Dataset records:
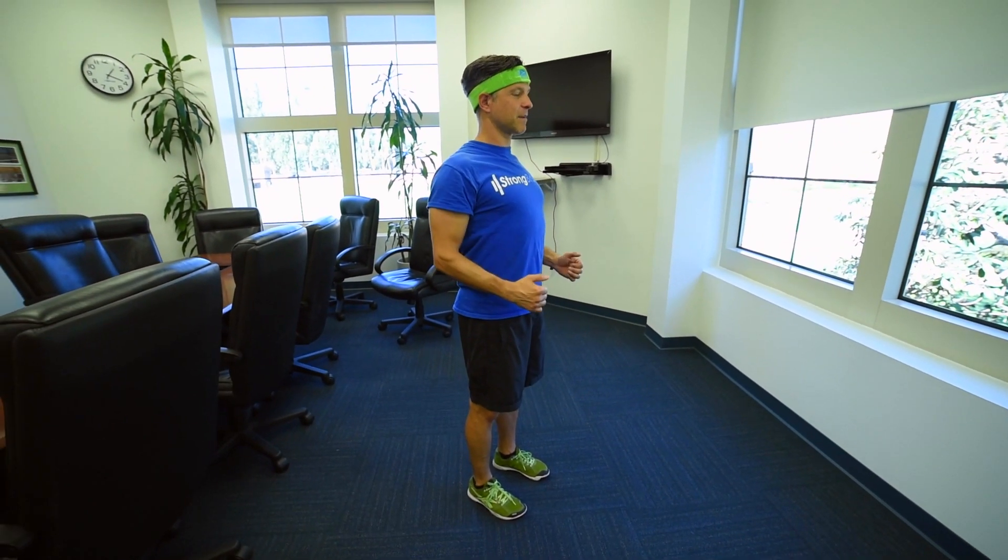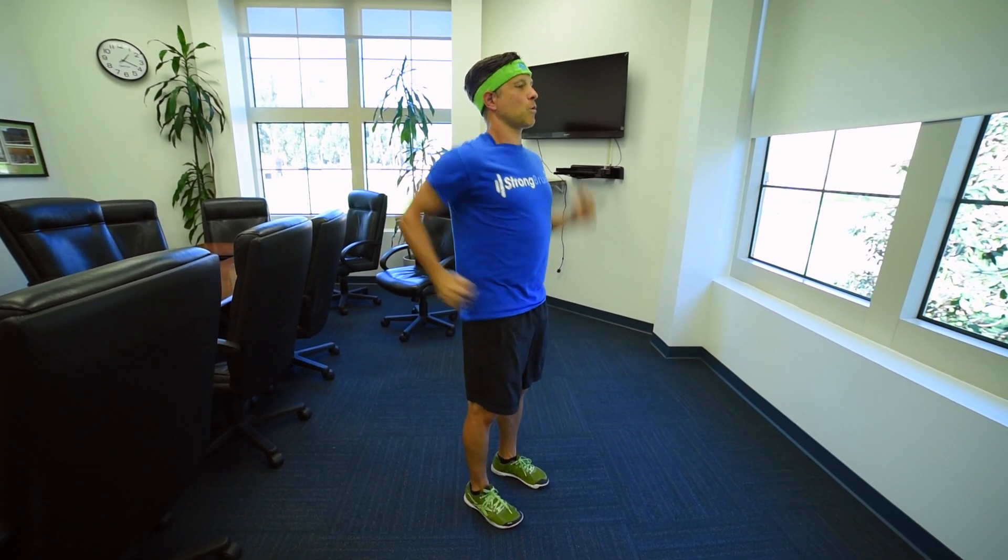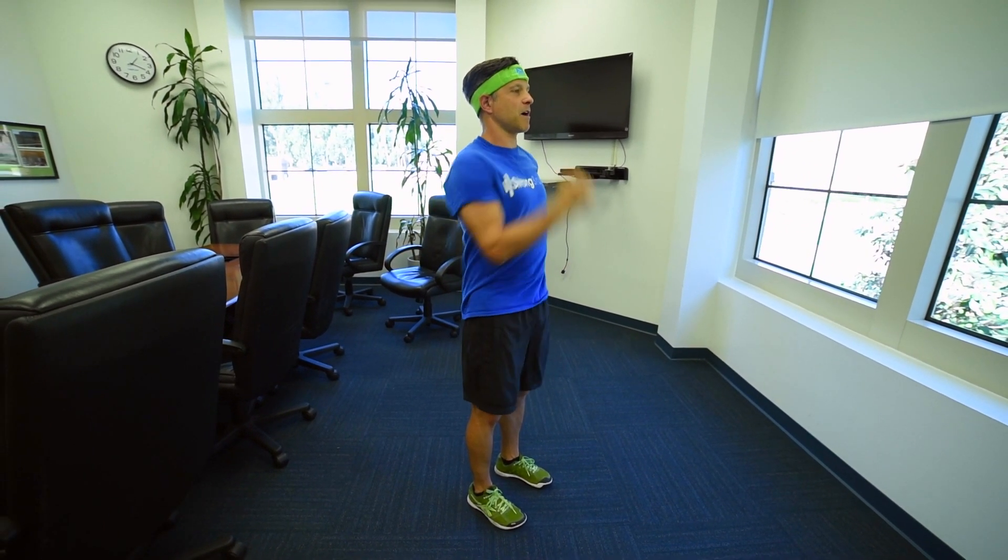I'm going to turn slightly to the side. First thing I do is I stand up tall, keep my stomach tight, and my shoulders down and back. I'm going to pump my elbows back. So I'm getting a core workout — I'm pumping my arms using my upper body.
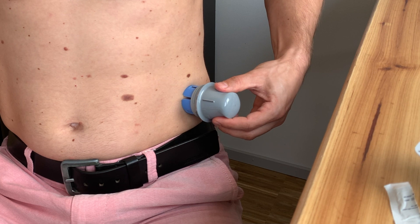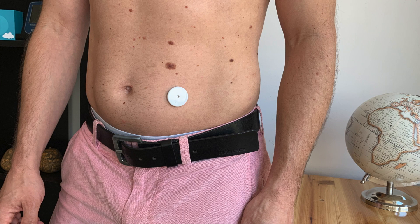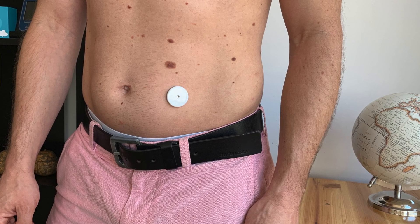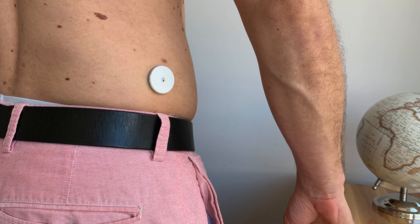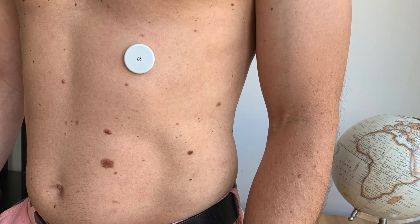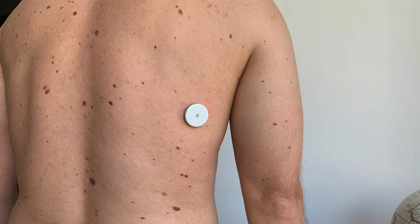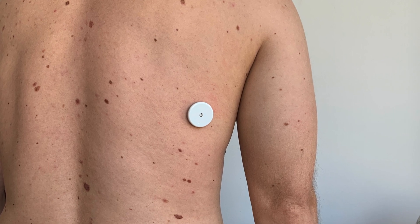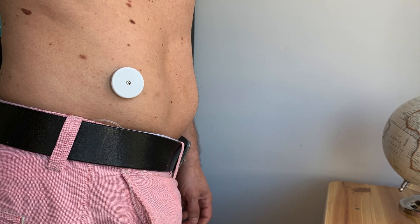I also asked other users in various Facebook groups where on the abdomen area they placed their sensors. I found a huge variety of options, starting from the belly and love handles going all the way to the upper side section of the abdomen, and some users even put the sensor on their back. You can see all the possible spots in the pictures on the screen. I was most comfortable with the hips because I thought this area is probably the safest — based purely on gut feeling. I did not have any issues with the hips from a placement or removal perspective because I find this area is easily reachable.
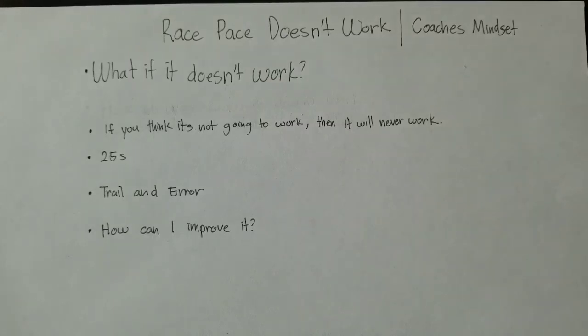What if it doesn't work? Hey, what's up guys, this is your race pace coach. If you're asking yourself this question, my question to you is: have you tried race pace training? Have you tried the race pace program? If not, then you have to think about it — if you keep thinking about it not working, then it's not going to work for you.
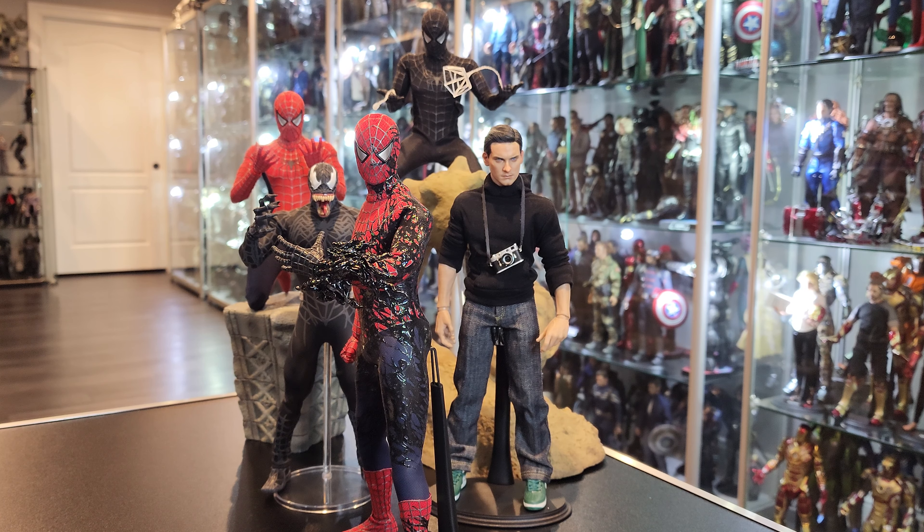Hello everybody, welcome back to another video. Today we have for you the Thunder Toys Venom Host Spider-Man figure.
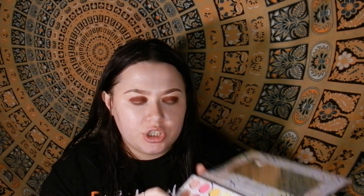Now I'm going into the Take Me Back to Brazil Palette and using the red shade, just packing that over top of what we already put down. Just gonna give it more of a red tone instead of a red-brown. Also, whenever you're doing this, kind of bring it up a little bit past the point that you already placed — that's gonna help with the blending.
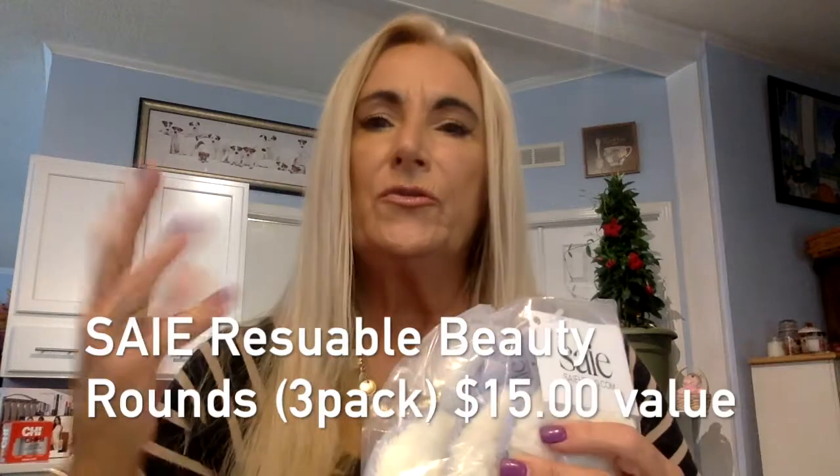Right away I can see this is a duplication — reusable beauty rounds, a three-pack. It says 'ditch your makeup pads for these reusable cotton rounds.' It's handy — I use mine for loose powder to pat on — but since it's a duplicate, this will probably be in a giveaway sometime.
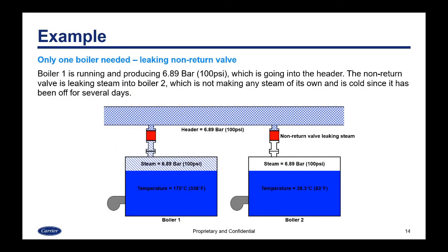Here's an example where only one boiler is needed but the non-return valve is leaking. Boiler one is running and producing 6.89 bar / 100 psi going into the header. The non-return valve is leaking steam into boiler two, which is not making any steam and has been off for several days. The steam side of boiler two reads 100 psi on the gauge from the leaking steam, but the temperature in the vessel is only 28°C or 83°F.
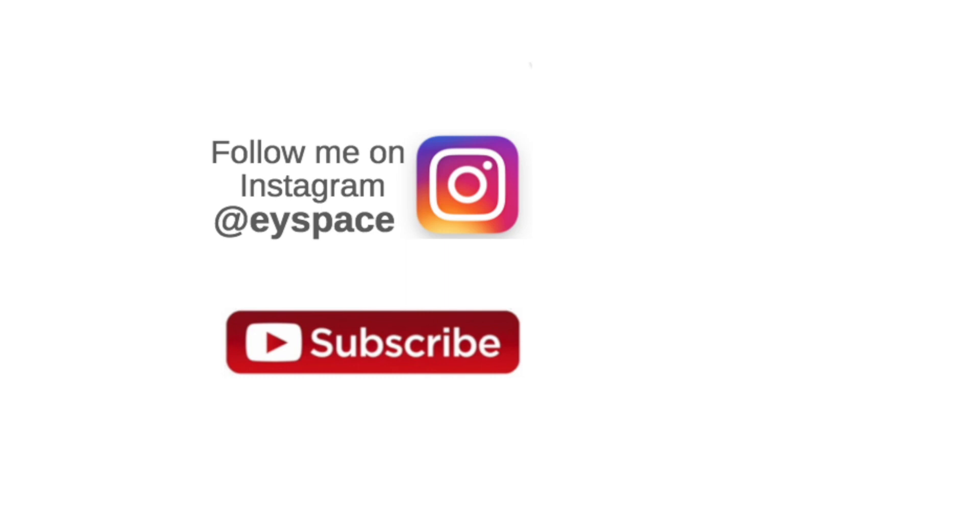Don't forget to subscribe to my channel so you don't miss any of my upcoming videos, and if you want to know what I'm up to day to day, follow me on Instagram. Thanks for watching and I'll see you next time.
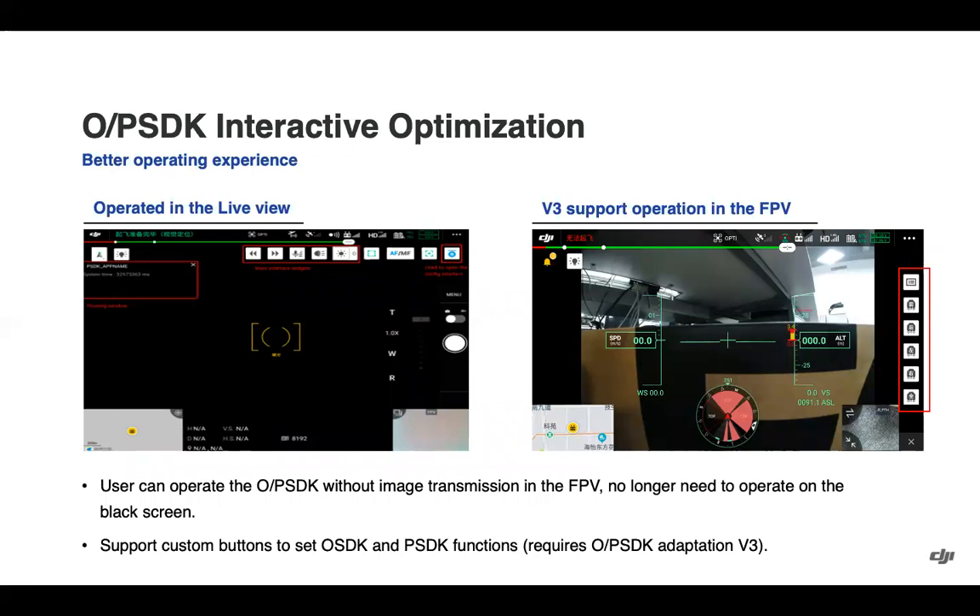The interface for OSDK and PSDK has been optimized, where you can now operate these payloads and see key information and shortcut buttons alongside the FPV camera transmission, so you don't have to operate with a black screen. Support for custom buttons has also been added so OSDK and PSDK developers can integrate that into their payloads.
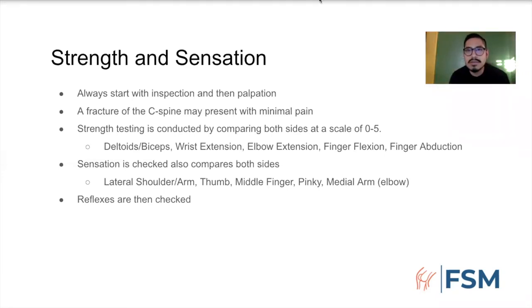Ken adds: C5 is deltoid and bicep; C6 is the wrist extensors; C7 is the tricep; C8 is the wrist flexors; and T1 is the interossei muscles. If you remember those muscles it would be very beneficial. To add to what was said: when you get a stinger, the nerves normally affected are C5 and C6. So if you know those are the nerves being affected, check deltoid and bicep first. Stingers are usually a unilateral thing versus bilateral, so that's really important. These athletes are big strong guys, so make sure they actually give you everything they've got.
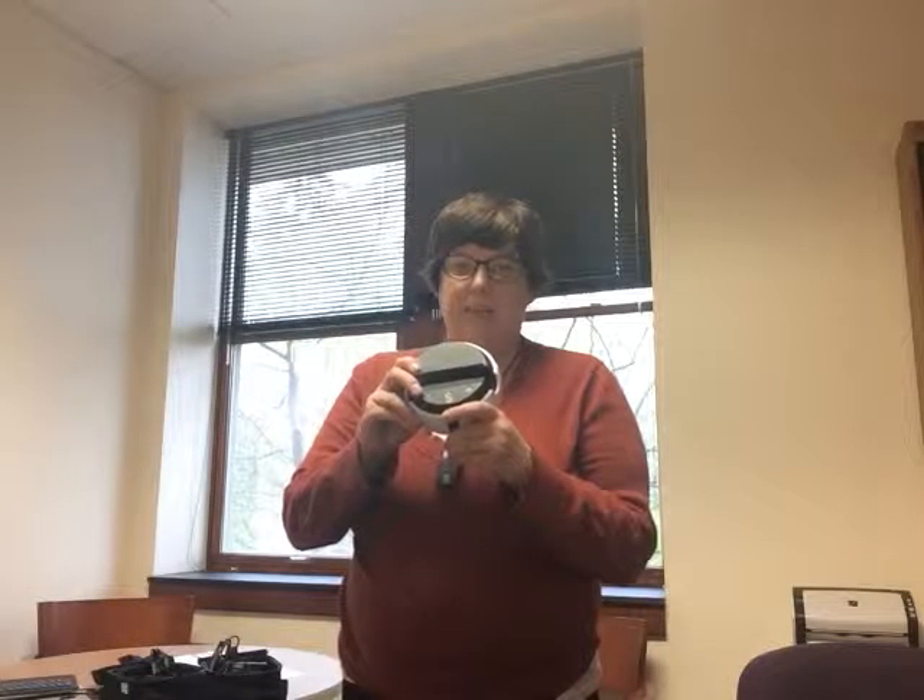The technology is called a Swivel and it's basically a robot that we have. This is what it looks like — it's very small, very compact. It works with a lot of devices. I'm using an iPad right now, but you can use a phone or a tablet.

Instructions to follow
Print the data exactly, from its first line to the line containing "Now I'm going", both included. Omit the pictures.

Your solution
I'm going to turn slightly to the side. First thing I do is I stand up tall, keep my stomach tight, and my shoulders down and back. I'm going to pump my elbows back. So I'm getting a core workout — I'm pumping my arms using my upper body.
I also asked other users in various Facebook groups where on the abdomen area they placed their sensors. I found a huge variety of options, starting from the belly and love handles going all the way to the upper side section of the abdomen, and some users even put the sensor on their back. You can see all the possible spots in the pictures on the screen. I was most comfortable with the hips because I thought this area is probably the safest — based purely on gut feeling. I did not have any issues with the hips from a placement or removal perspective because I find this area is easily reachable.
What if it doesn't work? Hey, what's up guys, this is your race pace coach. If you're asking yourself this question, my question to you is: have you tried race pace training? Have you tried the race pace program? If not, then you have to think about it — if you keep thinking about it not working, then it's not going to work for you.
Hello everybody, welcome back to another video. Today we have for you the Thunder Toys Venom Host Spider-Man figure.
Now I'm going into the Take Me Back to Brazil Palette and using the red shade, just packing that over top of what we already put down. Just gonna give it more of a red tone instead of a red-brown. Also, whenever you're doing this, kind of bring it up a little bit past the point that you already placed — that's gonna help with the blending.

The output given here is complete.